I believe the issue is related to not circulating coolant to the heater cores. When the issue occurs, I can verify that the pipes going to the heater cores are not hot.

I have flushed the heater cores backwards and forwards. There doesn’t seem to be anything blocking the flow.

I have tested the diverter valve in the heater core circuit. The resistance on the coil looks normal at 16 ohms. There is voltage on the wire harness. With 12v DC applied directly to the coil, I can hear and feel the valve spool moving.

I suspected the issue might be the auxiliary coolant pump for the heater core circuit, but didn’t have a way to test it. So I bought another pump and plugged it in, and can verify that it does spin, so I know the wire harness is sending power. I then swapped the pumps to see if there was any debris inside the original pump to stop it from working. No change with the new pump.

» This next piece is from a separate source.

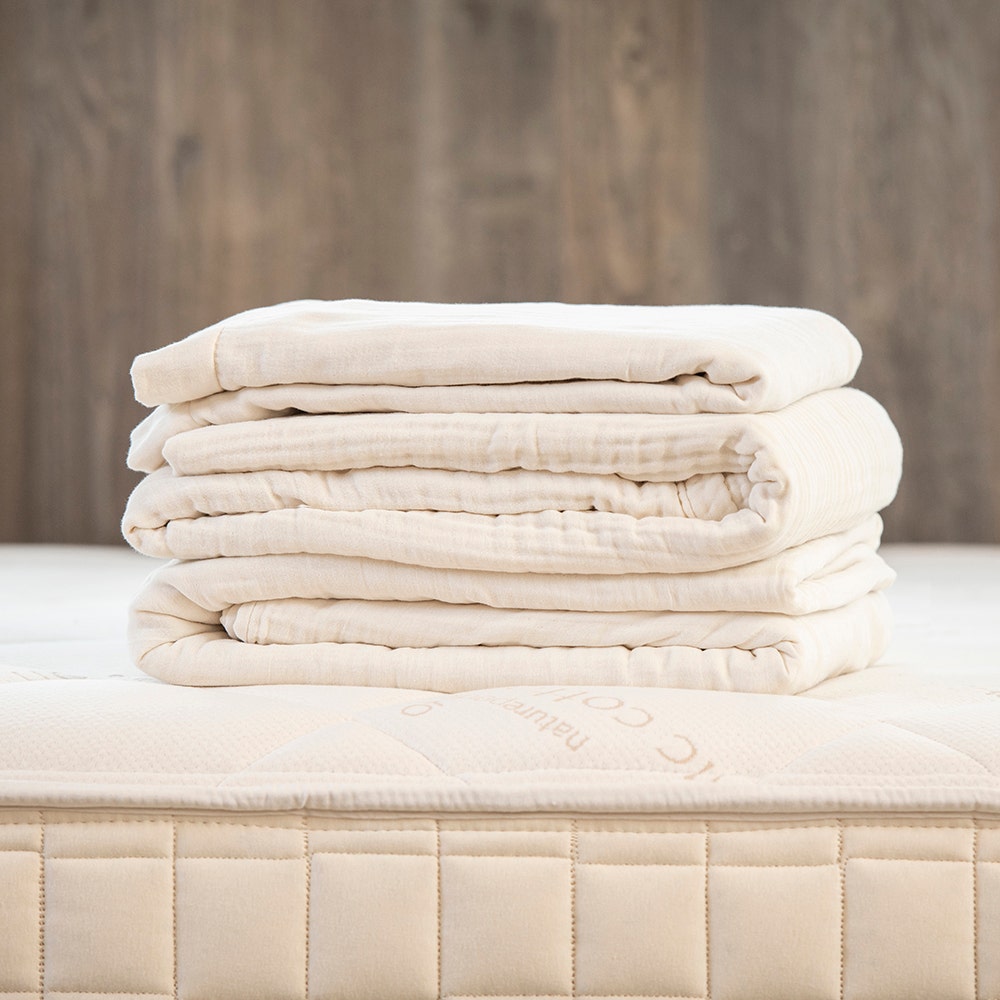 Organic Cotton King Blanket 4 Layer Breathable Muslin Cream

This vehicle was built in June 2019, so it’s one of the early builds of the 2020 model year. Currently has 36K miles on it. Also worth mentioning is this vehicle had been in an accident by a prior owner, damage to the left front wheel, quarter panel, and driver’s door. The cabin heat has not worked normally since I’ve owned the vehicle, so it’s possible the issue is somehow related to the repair. Everything else works normally on it. I took it to a dealer last winter but of course it was working normally that day and they could not reproduce the issue.

I’m out of ideas on how to troubleshoot this issue. Where do I go from here?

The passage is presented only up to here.